- **What to do**: For the records that follow, please set down exactly the lines between the one holding "Lauren Ralph Lauren" and the one holding "缶バッジ - ひし形40mm", inclusive, and only those.
Input material Start Marker
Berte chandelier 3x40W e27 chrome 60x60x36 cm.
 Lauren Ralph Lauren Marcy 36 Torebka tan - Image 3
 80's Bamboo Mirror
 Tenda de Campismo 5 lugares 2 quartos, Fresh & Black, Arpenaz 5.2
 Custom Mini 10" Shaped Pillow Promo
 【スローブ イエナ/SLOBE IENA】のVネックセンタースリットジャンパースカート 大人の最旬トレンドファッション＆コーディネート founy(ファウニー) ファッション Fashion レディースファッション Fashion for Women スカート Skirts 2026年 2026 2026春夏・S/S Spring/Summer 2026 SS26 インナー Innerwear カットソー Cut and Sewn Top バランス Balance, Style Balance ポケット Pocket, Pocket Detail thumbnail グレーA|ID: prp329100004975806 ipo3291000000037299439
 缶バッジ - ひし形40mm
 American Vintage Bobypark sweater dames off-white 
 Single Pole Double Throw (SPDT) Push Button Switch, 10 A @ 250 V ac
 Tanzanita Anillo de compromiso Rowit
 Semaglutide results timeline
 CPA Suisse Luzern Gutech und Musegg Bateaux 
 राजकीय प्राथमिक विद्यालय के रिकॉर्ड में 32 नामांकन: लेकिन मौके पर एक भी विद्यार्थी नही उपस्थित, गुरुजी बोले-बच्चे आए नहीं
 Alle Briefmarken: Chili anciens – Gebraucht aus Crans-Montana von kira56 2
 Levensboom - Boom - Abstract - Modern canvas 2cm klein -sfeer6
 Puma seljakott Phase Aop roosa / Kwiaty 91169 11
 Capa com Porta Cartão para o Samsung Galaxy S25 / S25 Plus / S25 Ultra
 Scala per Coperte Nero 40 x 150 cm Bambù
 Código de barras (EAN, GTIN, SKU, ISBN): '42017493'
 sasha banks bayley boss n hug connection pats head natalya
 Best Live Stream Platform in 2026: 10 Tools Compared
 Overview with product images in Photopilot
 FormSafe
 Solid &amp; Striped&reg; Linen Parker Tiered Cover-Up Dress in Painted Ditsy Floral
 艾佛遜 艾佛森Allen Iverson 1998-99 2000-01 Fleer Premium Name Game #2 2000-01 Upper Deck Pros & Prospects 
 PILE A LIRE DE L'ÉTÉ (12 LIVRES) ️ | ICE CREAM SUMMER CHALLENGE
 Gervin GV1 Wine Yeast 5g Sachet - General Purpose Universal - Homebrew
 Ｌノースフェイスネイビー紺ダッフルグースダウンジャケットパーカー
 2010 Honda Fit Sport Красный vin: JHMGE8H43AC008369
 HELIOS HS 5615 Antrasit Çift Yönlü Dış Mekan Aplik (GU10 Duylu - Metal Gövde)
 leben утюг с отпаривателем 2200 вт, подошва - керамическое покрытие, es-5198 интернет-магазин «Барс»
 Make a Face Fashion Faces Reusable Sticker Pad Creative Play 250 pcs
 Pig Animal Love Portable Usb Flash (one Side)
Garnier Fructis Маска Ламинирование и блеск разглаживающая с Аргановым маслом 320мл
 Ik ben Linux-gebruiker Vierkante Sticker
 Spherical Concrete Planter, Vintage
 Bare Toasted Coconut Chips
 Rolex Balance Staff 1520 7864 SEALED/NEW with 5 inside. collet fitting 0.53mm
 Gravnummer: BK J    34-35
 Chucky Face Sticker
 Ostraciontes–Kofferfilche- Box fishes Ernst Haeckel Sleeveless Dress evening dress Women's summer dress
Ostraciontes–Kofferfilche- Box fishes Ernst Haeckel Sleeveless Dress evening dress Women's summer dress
Input material End Marker
- **Response for this exercise**:
 Lauren Ralph Lauren Marcy 36 Torebka tan - Image 3
 80's Bamboo Mirror
 Tenda de Campismo 5 lugares 2 quartos, Fresh & Black, Arpenaz 5.2
 Custom Mini 10" Shaped Pillow Promo
 【スローブ イエナ/SLOBE IENA】のVネックセンタースリットジャンパースカート 大人の最旬トレンドファッション＆コーディネート founy(ファウニー) ファッション Fashion レディースファッション Fashion for Women スカート Skirts 2026年 2026 2026春夏・S/S Spring/Summer 2026 SS26 インナー Innerwear カットソー Cut and Sewn Top バランス Balance, Style Balance ポケット Pocket, Pocket Detail thumbnail グレーA|ID: prp329100004975806 ipo3291000000037299439
 缶バッジ - ひし形40mm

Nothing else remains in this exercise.